[Apologies — this is long, technical, and there are too few examples. I am putting it out for commentary more than anything else…]

In some recent articles and blog posts (including one in response to astronomer David Hogg), Columbia University statistician Andrew Gelman has outlined the philosophical position that he and some of his colleagues and co-authors hold. While starting from a resolutely Bayesian perspective on using statistical methods to measure the parameters of a model, he and they depart from the usual story when evaluating models and comparing them to one another. Rather than using the techniques of Bayesian model comparison, they eschew them in preference to a set of techniques they describe as ‘model checking’. Let me apologize in advance if I misconstrue or caricature their views in any way in the following.

In the formalism of model comparison, the statistician or scientist needs to fully specify her model: what are the numbers needed to describe the model, how does the data depend upon them (the likelihood), as well as a reasonable guess for what those numbers night be in the absence of data (the prior).

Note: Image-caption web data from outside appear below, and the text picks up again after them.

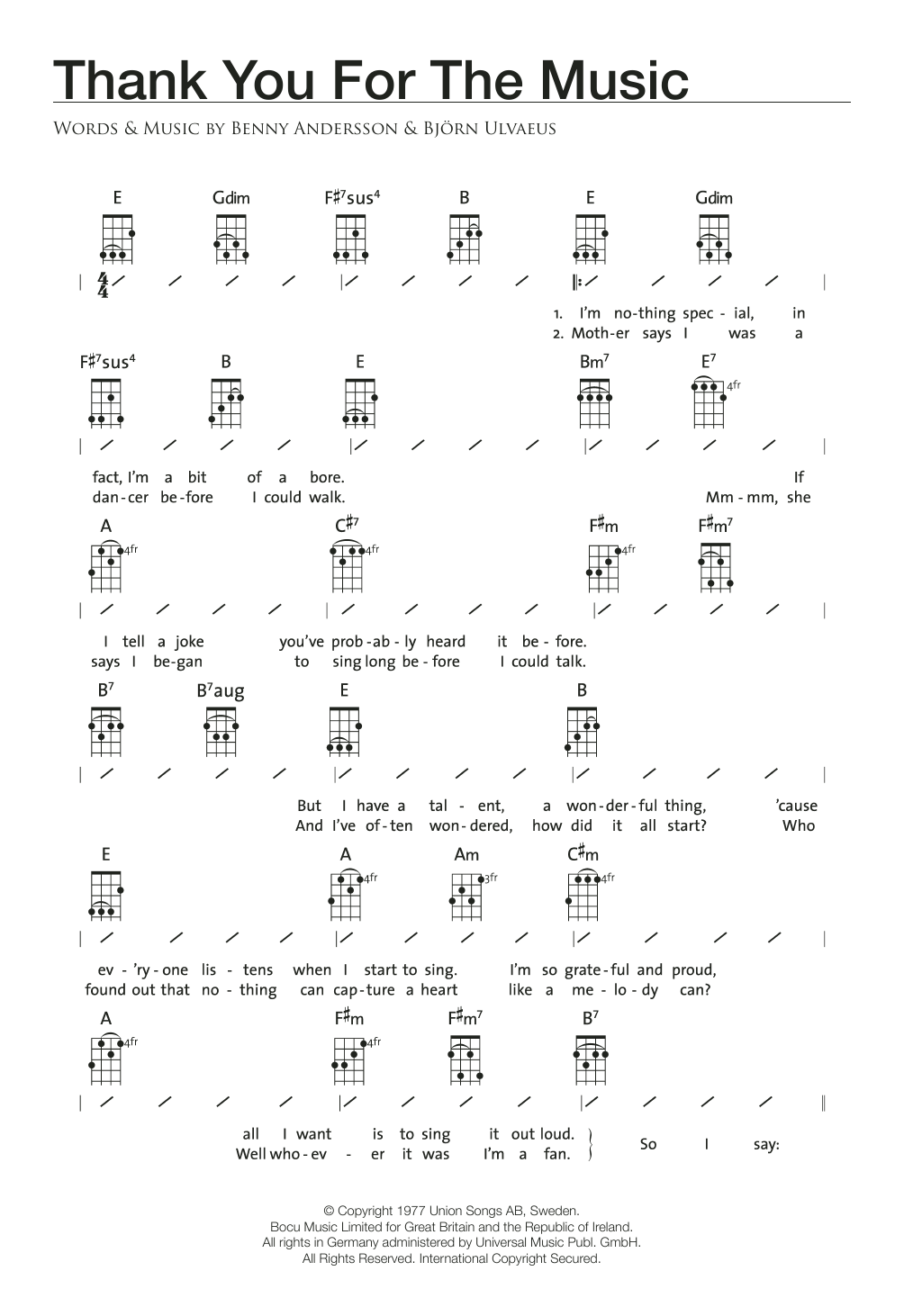 Download ABBA Thank You For The Music Sheet Music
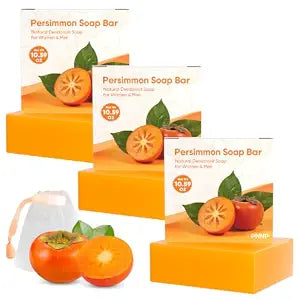 PNNP 3 PCS Persimmon Soap Bar for Body Odor Control, 3.53oz/per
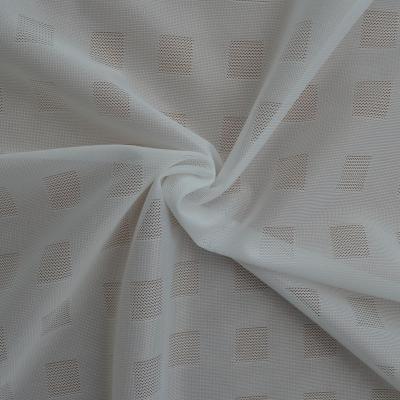 China New Design Anti-Static Plaid Mesh Fabric Popular 100% Polyester White Warp Knitting Mesh Fabric For Safety Vest for sale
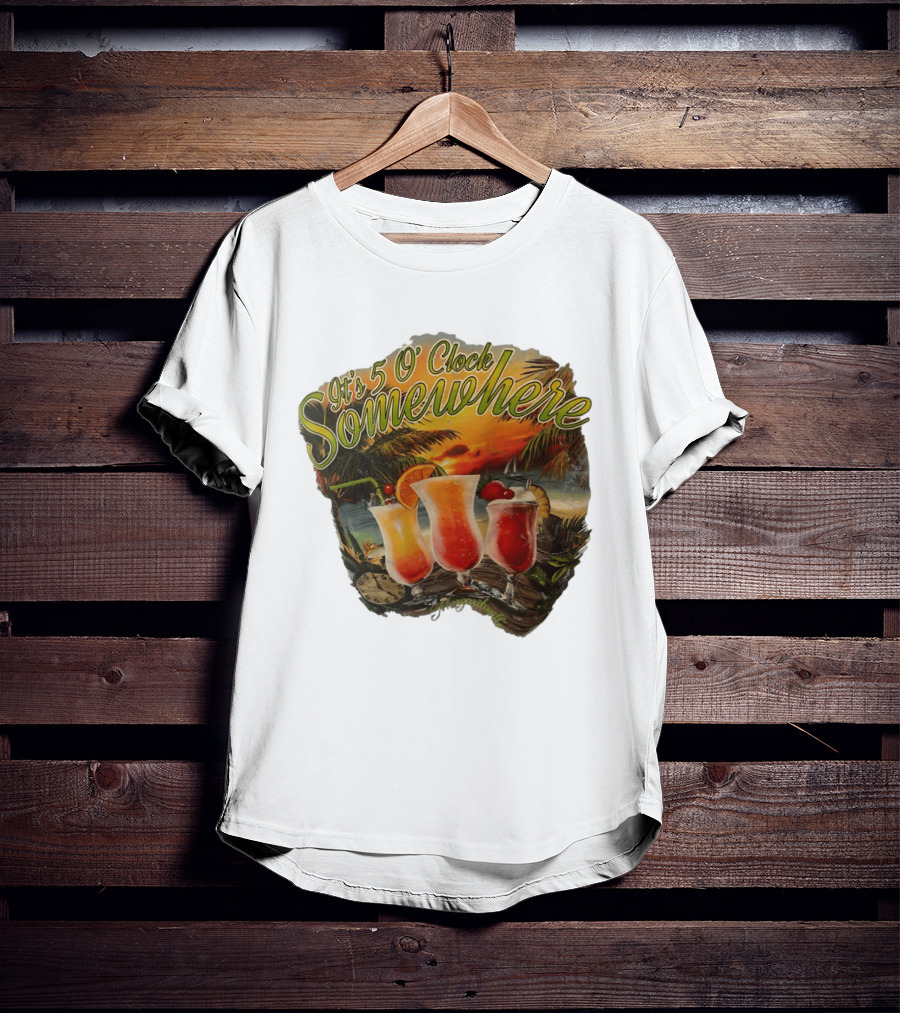 It's 5 O' Somewhere Tropical Sunset Cocktails And Palm Trees T-Shirt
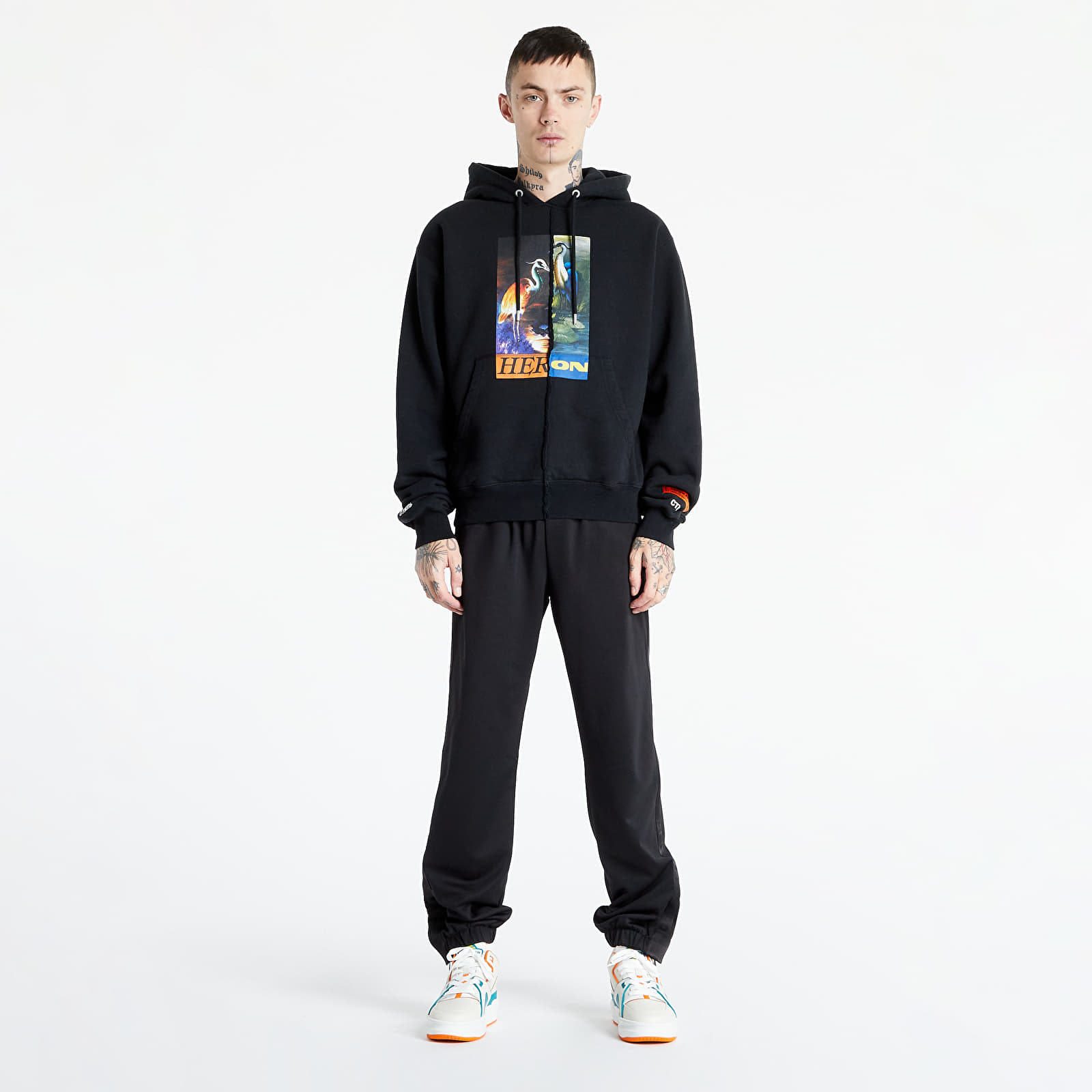 Hanorace HERON PRESTON Hoodie Split Herons Black/ Orange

Given these ingredients, one can first combine them to form the posterior distribution to estimate the parameters but then go beyond this to actually determine the probability of the fully-specified model itself.

The first part of the method, estimating the parameters, is usually robust to the choice of a prior distribution for the parameters. In many cases, one can throw the possibilities wide open (an approximation to some sort of ‘complete ignorance’) and get a meaningful measurement of the parameters. In mathematical language, we take the limit of the posterior distribution as we make the prior distribution arbitrarily wide, and this limit often exists.

The problem, noticed by most statisticians and scientists who try to apply these methods is that the next step, comparing models, is almost always sensitive to the details of the choice of prior: as the prior distribution gets wider and wider, the probability for the model gets lower and lower without limit; a model with an infinitely wide prior has zero probability compared to one with a finite width.

In some situations, where we do not wish to model some sort of ignorance, this is fine. But in others, even if we know it is unreasonable to accept an arbitrarily large value for some parameter, we really cannot reasonably choose between, say, an upper limit of 10^{100} and 10^{50}, which may have vastly different consequences.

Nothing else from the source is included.